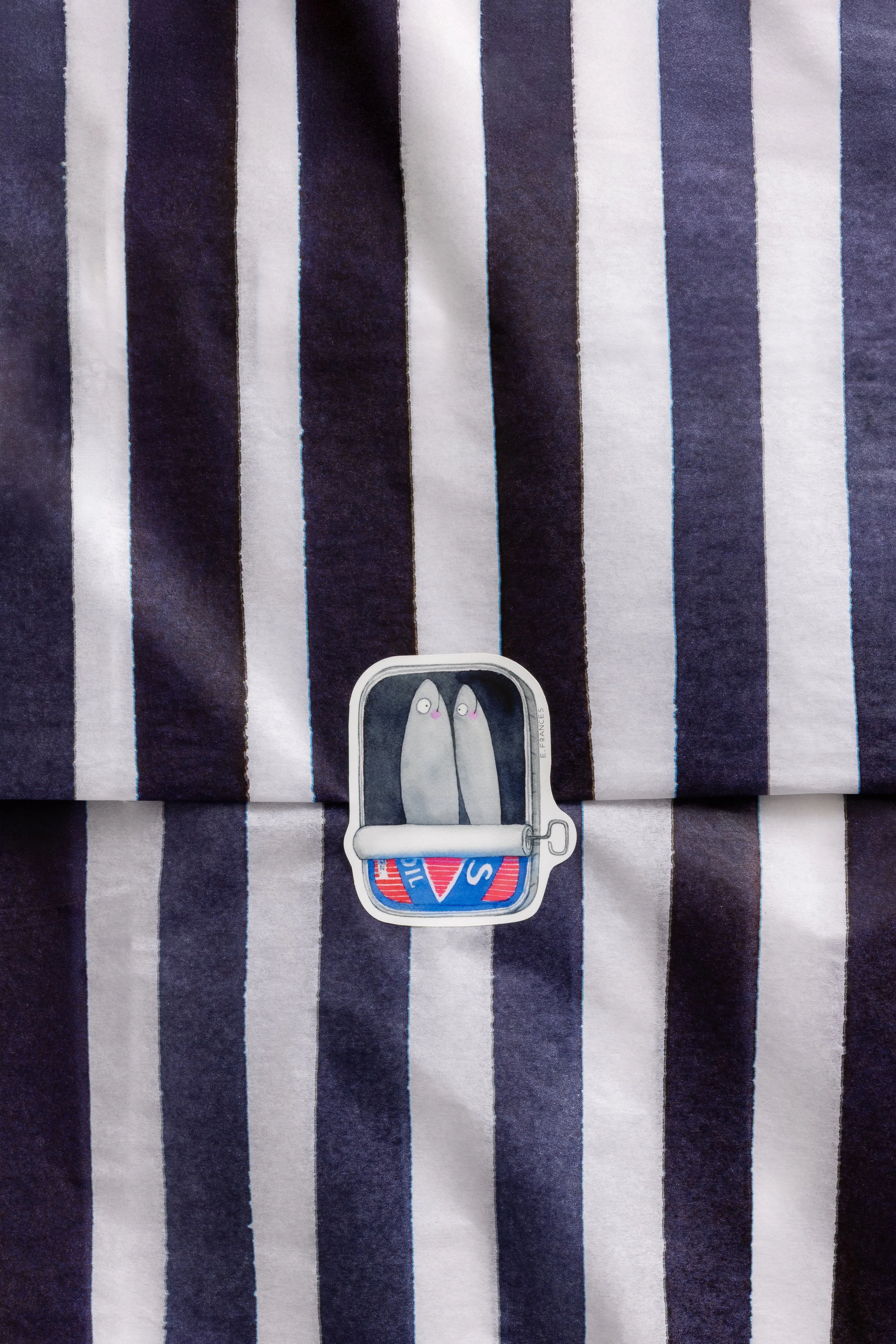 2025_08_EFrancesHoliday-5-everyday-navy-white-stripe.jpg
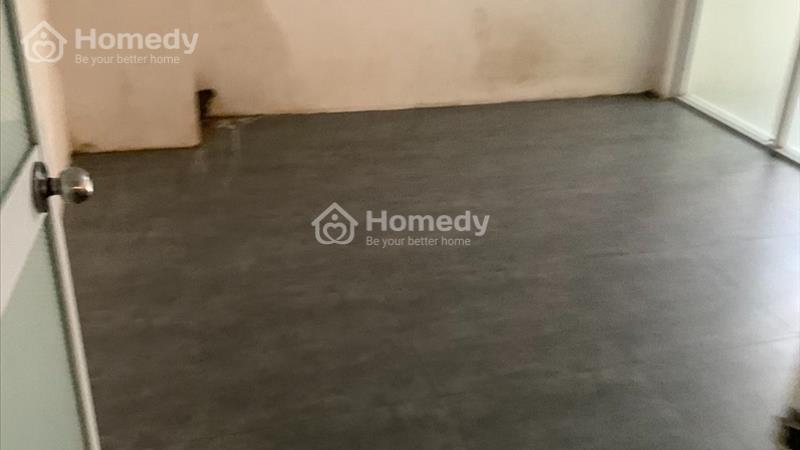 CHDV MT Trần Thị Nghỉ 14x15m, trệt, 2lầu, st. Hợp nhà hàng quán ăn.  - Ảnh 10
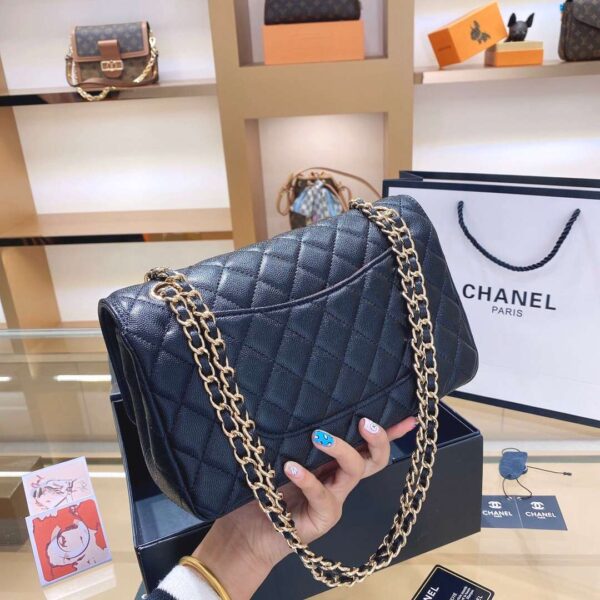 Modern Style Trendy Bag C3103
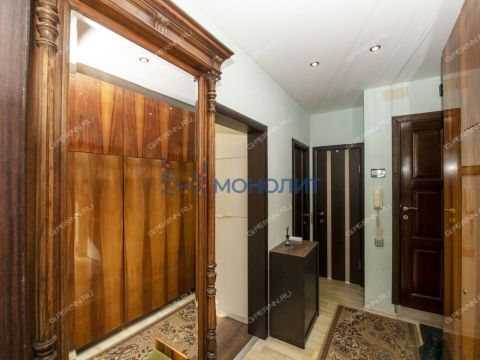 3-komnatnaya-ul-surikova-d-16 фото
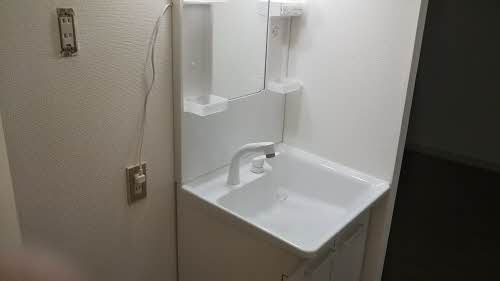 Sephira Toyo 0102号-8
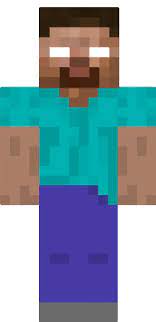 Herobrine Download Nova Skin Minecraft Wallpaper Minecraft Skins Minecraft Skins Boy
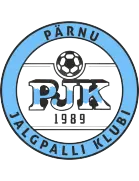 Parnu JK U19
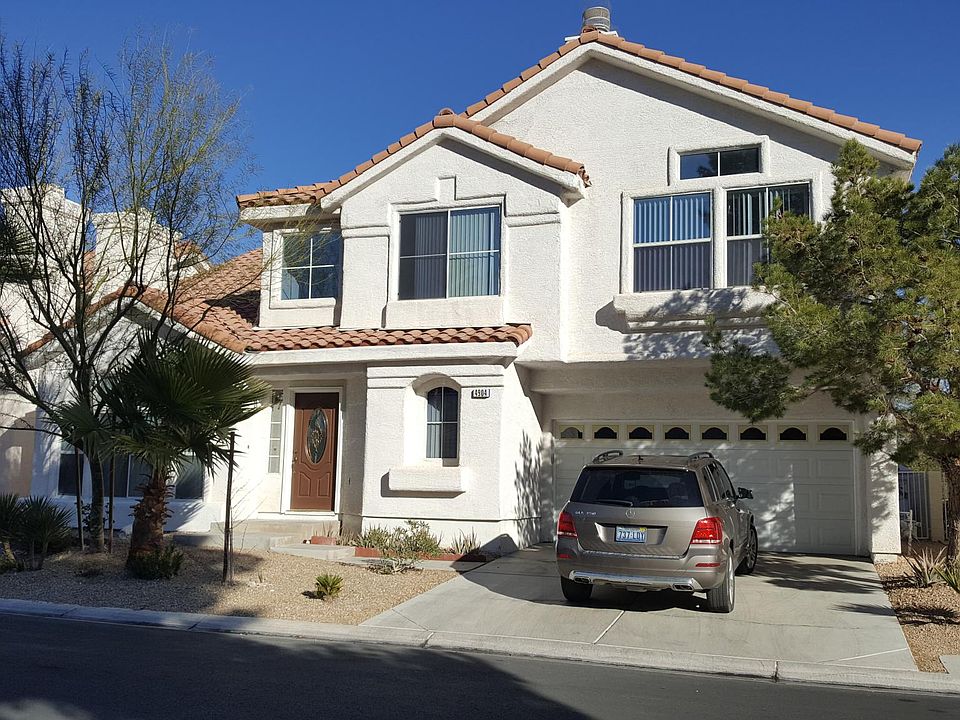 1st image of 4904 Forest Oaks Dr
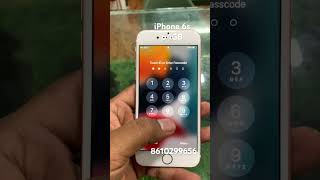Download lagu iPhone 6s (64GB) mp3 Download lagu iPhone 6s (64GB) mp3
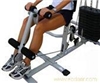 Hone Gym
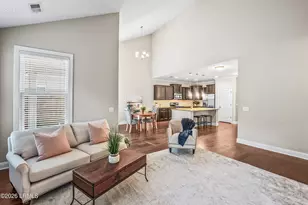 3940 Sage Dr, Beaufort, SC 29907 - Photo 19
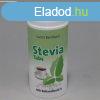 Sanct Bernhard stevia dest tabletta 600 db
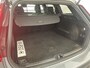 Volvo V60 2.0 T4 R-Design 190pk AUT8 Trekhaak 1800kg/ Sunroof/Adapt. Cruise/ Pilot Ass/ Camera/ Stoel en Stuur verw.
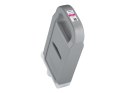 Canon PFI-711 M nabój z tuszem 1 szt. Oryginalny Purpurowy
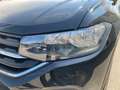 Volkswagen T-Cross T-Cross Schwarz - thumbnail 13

========================================================================

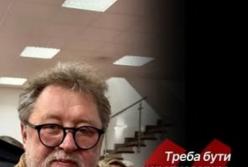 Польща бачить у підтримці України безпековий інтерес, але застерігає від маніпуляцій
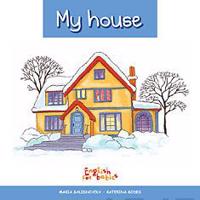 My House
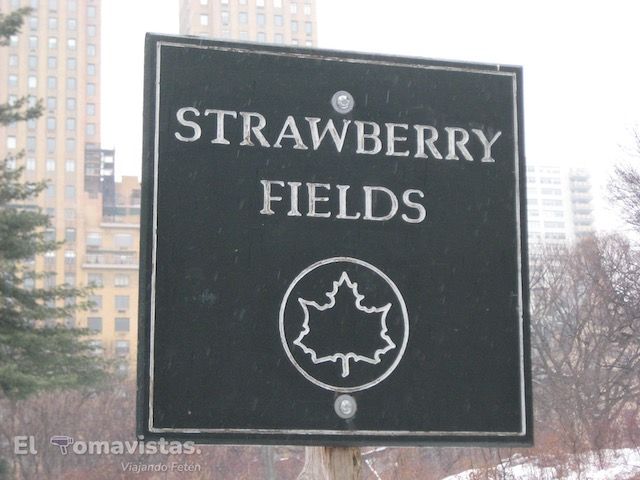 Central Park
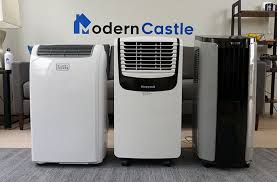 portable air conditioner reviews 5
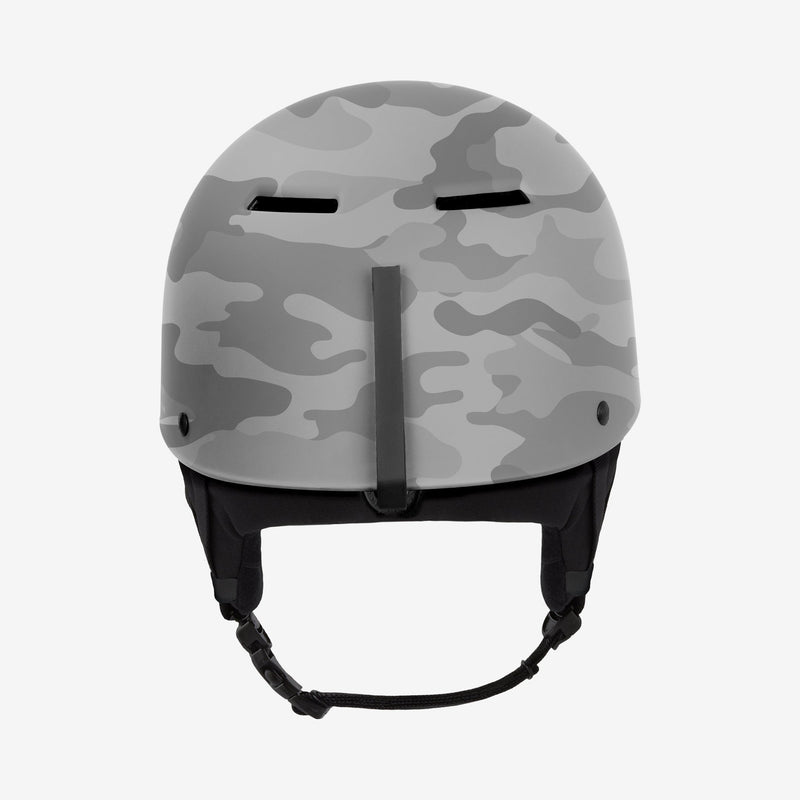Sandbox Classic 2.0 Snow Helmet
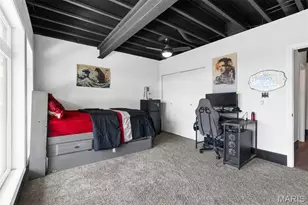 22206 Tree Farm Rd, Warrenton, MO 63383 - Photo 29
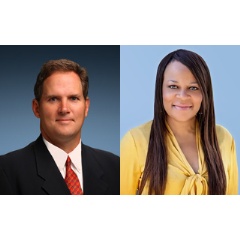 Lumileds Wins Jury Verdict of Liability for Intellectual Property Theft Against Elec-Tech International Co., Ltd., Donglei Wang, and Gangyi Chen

========================================================================

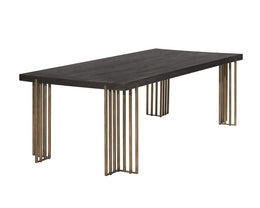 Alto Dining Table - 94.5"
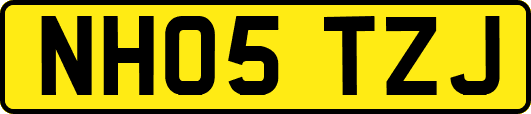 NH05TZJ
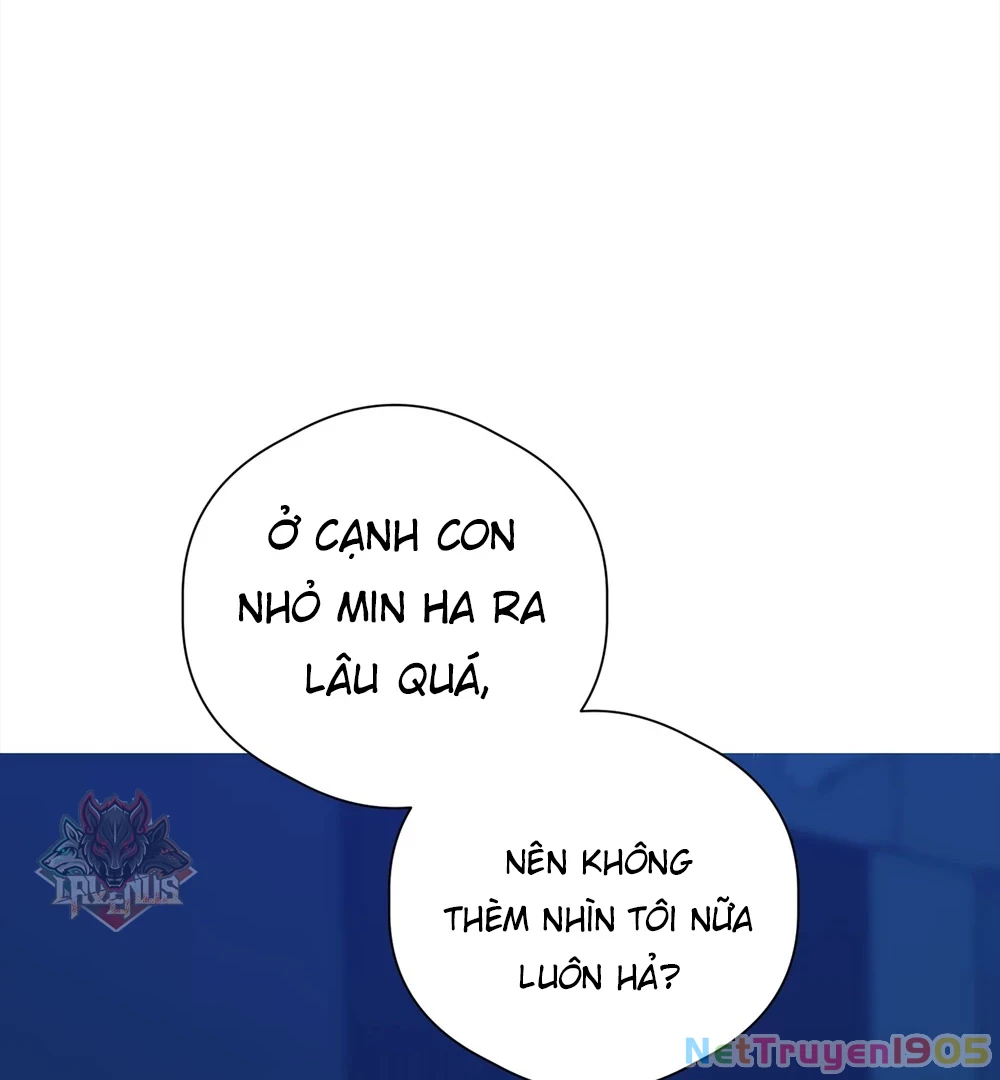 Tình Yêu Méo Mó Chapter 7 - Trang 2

========================================================================

### [HOW TO COMPLETE THIS TASK]
Range to copy from the records above: the line containing "2025_08_EFrancesHoliday-5-everyday-navy-white-stripe.jpg" to the line containing "Volkswagen T-Cross T-Cross", both included. Output those lines exactly and only those, skipping pictures.

### [EXPECTED OUTPUT]
 2025_08_EFrancesHoliday-5-everyday-navy-white-stripe.jpg
 CHDV MT Trần Thị Nghỉ 14x15m, trệt, 2lầu, st. Hợp nhà hàng quán ăn.  - Ảnh 10
 Modern Style Trendy Bag C3103
 3-komnatnaya-ul-surikova-d-16 фото
 Sephira Toyo 0102号-8
 Herobrine Download Nova Skin Minecraft Wallpaper Minecraft Skins Minecraft Skins Boy
 Parnu JK U19
 1st image of 4904 Forest Oaks Dr
Download lagu iPhone 6s (64GB) mp3 Download lagu iPhone 6s (64GB) mp3
 Hone Gym
 3940 Sage Dr, Beaufort, SC 29907 - Photo 19
 Sanct Bernhard stevia dest tabletta 600 db
 Volvo V60 2.0 T4 R-Design 190pk AUT8 Trekhaak 1800kg/ Sunroof/Adapt. Cruise/ Pilot Ass/ Camera/ Stoel en Stuur verw.
 Canon PFI-711 M nabój z tuszem 1 szt. Oryginalny Purpurowy
 Volkswagen T-Cross T-Cross Schwarz - thumbnail 13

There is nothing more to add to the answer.